Sad to say, but there are members of my profession who will occasionally sign their names to nonsense. Even so, shouldn’t readers be told that the letter and the Congressional testimony of the letter’s organizer, Harvard professor David Cutler, have been completely discredited by University of Chicago professor Casey Mulligan and other reputable economists—scholars who actually looked at the facts instead of signing on to shoot-from-the-hip rhetoric.

And shouldn’t readers be informed that every reputable forecast made by serious economists has concluded that Obamacare will add to health care spending, rather than detract from it? For example, the Medicare actuaries predict that Obamacare will add $625 billion to total health care spending over the next decade. And the RAND Corporation predicts that consumers in the ObamaCare exchanges will pay almost $2,000 more for health insurance than they otherwise would by 2016.

Krugman has other arrows in his quiver. For example, he claims Obamacare:

  • Has cut payments to private Medicare Advantage plans. But most of these were postponed until after the 2012 election and don’t really kick in until next year.
  • Has cut some provider payments. So far, these have been minuscule.
  • Has begun to penalize hospitals with high readmission rates. But this program was started only recently and so far the savings are scant.
  • Has encouraged doctors and hospitals to organize into accountable care organizations, where Medicare payments will be partly based on performance. But the number participating so far is small and there appears to be little evidence of success in reducing in costs or improving in quality.

Further, Krugman must surely know that the federal government has been funding dozens of pilot programs and demonstration projects to see if different methods of payment under Medicare will reduce costs and improve quality. Yet three separate Congressional Budget Office reports have found that these experiments are not working. (See here, here and here.)

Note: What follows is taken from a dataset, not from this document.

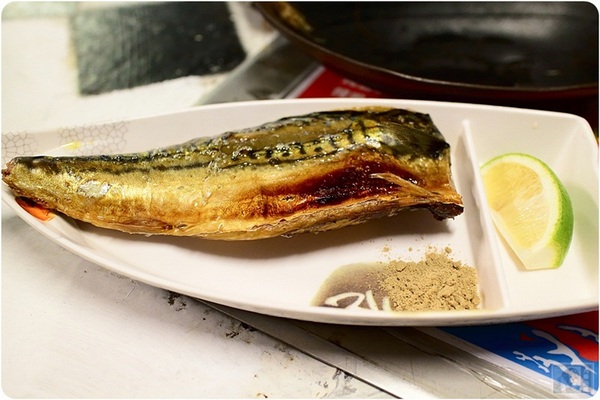 那兩蚵烤鮮蚵：台中美食-那兩蚵烤鮮蚵-看夜景配美食-產地直送東石鮮蚵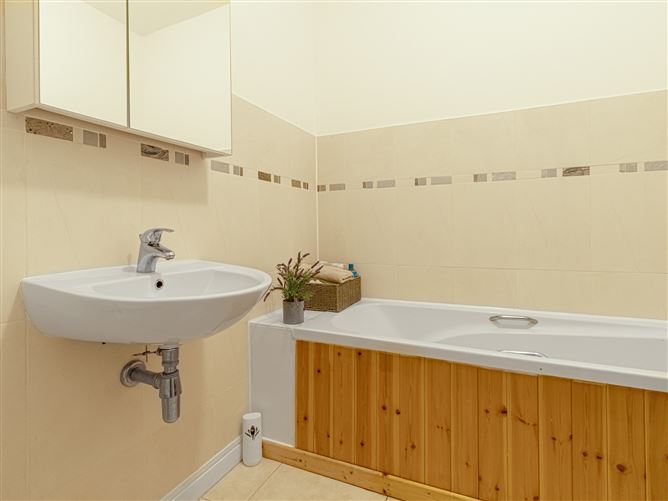 13 Fortunes Walk, Citywest,   Dublin 24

There is one final bit of deception. Krugman writes that:

... there’s evidence that Medicare savings “spill over” to the rest of the health care system—that when Medicare manages to slow cost growth, private insurance gets cheaper, too.

Well not quite. The study found that this is true not for Medicare, but for private (Medicare Advantage) plans that Krugman generally rails against for being less efficient than government insurance and that receive fees that Obamacare is scheduled to cut.